Transformation ins Jetzt: das Unique3

Seit 2013 vergibt die DGNB in Zusammenarbeit mit der Stiftung Deutscher Nachhaltigkeitspreis e.V. den Deutschen Nachhaltigkeitspreis Architektur. Dieser hat sich in den vergangenen Jahren zum führenden Architekturwettbewerb für nachhaltiges Bauen in Deutschland entwickelt. Der DGNB Blog stellt vor der Verleihung am 4. Dezember die drei Finalisten vor.

Teil 2: Das Unique3 in Saarbrücken von Hauser Luft Architektur – die Umwandlung eines Architektur-Denkmals in Wohnflächen.

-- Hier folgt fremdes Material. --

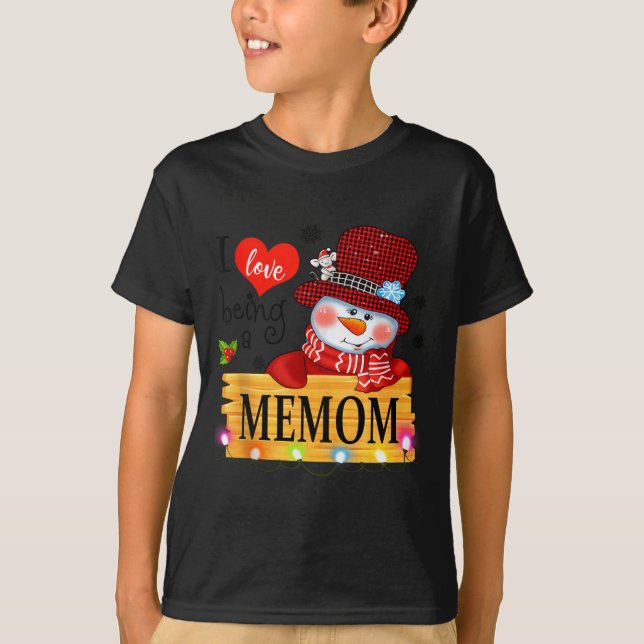 I Love Being A Memom Snowman Xmas Happy Family New T-Shirt (Front)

Die 60er Jahre waren eine Zeit des Aufatmens. Nachkriegswohlstand und Konsumfreude durchzogen weite Teile der Gesellschaft. Das schlug sich insbesondere in Architektur und Design nieder: Architekten wurden innovativer und experimentierfreudiger, probierten neue Materialien oder Grundrisse aus. Eine Energiekrise war noch nicht in Sicht, die Lebenskultur der USA galt als Vorbild. Viele Gebäude imitierten amerikanische Gewohnheiten, Fenster ließen sich nicht mehr öffnen und wurden durch Klimaanlagen ersetzt, Büro- und Verwaltungsgebäude importierten das Konzept des Großraumbüros.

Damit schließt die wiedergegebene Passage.